■ **Supplied information**:
━━━━━━

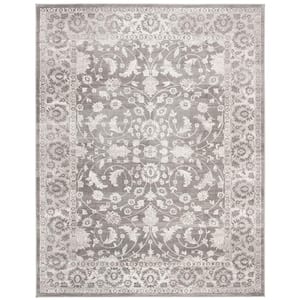 Brentwood Cream/Gray 8 ft. x 10 ft. Floral Border Area Rug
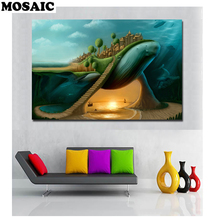 New 5d Diamond Painting"Surrealism Whale And Castle "Full Square Drill Diamond Embroidery Picture Of Rhinestone Mosaic Abstract 2024 - buy cheap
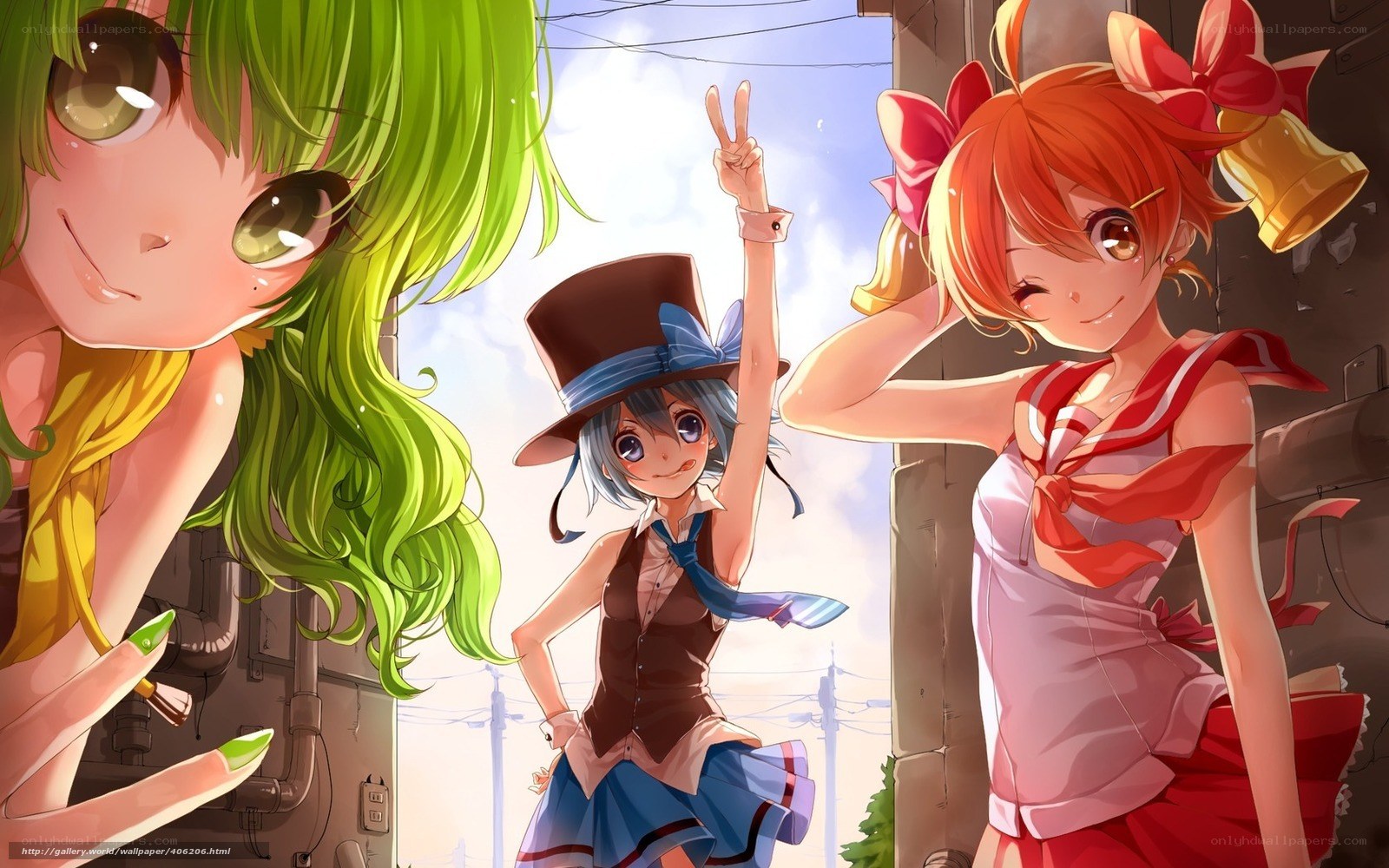 Three anime girls posing together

━━━━━━

■ **Task statement**:
Output the data exactly, pictures omitted.

■ **Answer below**:
 Brentwood Cream/Gray 8 ft. x 10 ft. Floral Border Area Rug
 New 5d Diamond Painting"Surrealism Whale And Castle "Full Square Drill Diamond Embroidery Picture Of Rhinestone Mosaic Abstract 2024 - buy cheap
 Three anime girls posing together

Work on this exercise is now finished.